Wednesday 7th October 2020 1 Thessalonians – Faith and Patience
1 Thessalonians 2: 13-16
We also constantly give thanks to God for this, that when you received the word of God that you heard from us, you accepted it not as a human word but as what it really is, God’s word, which is also at work in you believers. For you, brothers and sisters, became imitators of the churches of God in Christ Jesus that are in Judea, for you suffered the same things from your own compatriots as they did from the Jews, who killed both the Lord Jesus and the prophets, and drove us out; they displease God and oppose everyone by hindering us from speaking to the Gentiles so that they may be saved. Thus they have constantly been filling up the measure of their sins; but God’s wrath has overtaken them at last.
The book of 1 Thessalonians, likely being Paul’s first letter, is a book of its time. As we read it we enter the ‘harsh first-century Mediterranean world of violent stereotypification and vilification of out-groups’ (The Oxford Bible Commentary, p.1205, OUP). In it we can hear words that sound, to us, unethical and harmful, such as denigrating the Judeans of killing Jesus (even though he was crucified by the Romans!). Many of us hoped and believed that overt prejudice and public condemnation had begun to disappear from our world. Yet we have seen a growing number of hurtful, harmful, judgemental and divisive words being shared on social media and in public forums in recent years. Some of these words have even come from those in positions of power and responsibility. When we read this text, we can see why some have used words from the Bible to hurt and harm; using the phrase ‘God’s Word’ has been used as a reason to condemn, criticise or shame others. Yet we believe in a God of love, so if our words destroy and hurt then we surely need to ask if they are of God or of us! When I share a Bible reading in public, I end with the words: ‘in this is the Word of the Lord’ as there are some texts, such as this, that are problematic. I believe God wants us to consider carefully and critically what we hear or read in Scripture and sometimes we need to look closely before we can find God’s authentic word to us. God is love and, as followers of Jesus, we are called to ensure we reflect that love by our words, actions and attitudes (in public and private) and cannot use the excuse of ‘God’s word’ to harm or damage others.

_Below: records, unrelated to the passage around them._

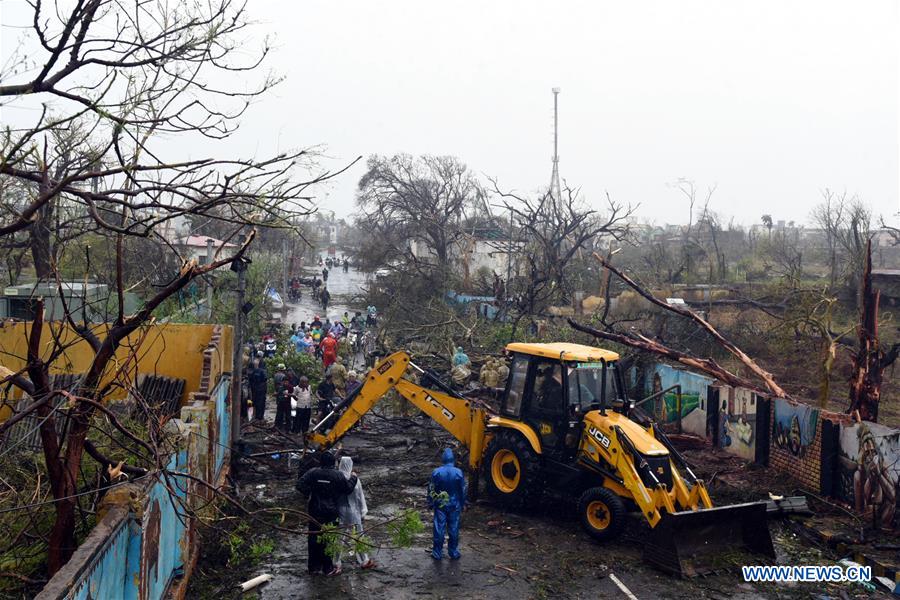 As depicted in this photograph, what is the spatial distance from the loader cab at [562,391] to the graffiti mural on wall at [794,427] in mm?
3771

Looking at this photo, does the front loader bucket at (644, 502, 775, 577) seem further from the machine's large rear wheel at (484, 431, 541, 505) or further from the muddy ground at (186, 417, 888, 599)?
the machine's large rear wheel at (484, 431, 541, 505)

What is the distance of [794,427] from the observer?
13250 mm

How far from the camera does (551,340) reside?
21109mm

Loving God, We inhabit a world that is the result of all that has gone before: a world of good and bad, kind and hurtful. As we seek to live authentic God-focused lives, we pray that we may choose our words carefully, using those that build up and encourage. We pray for strength as we share your love, in many and varied ways, with the hurting world in which we live. Amen.
The Rev’d Jenny Mills. URC Secretary for Education and Learning.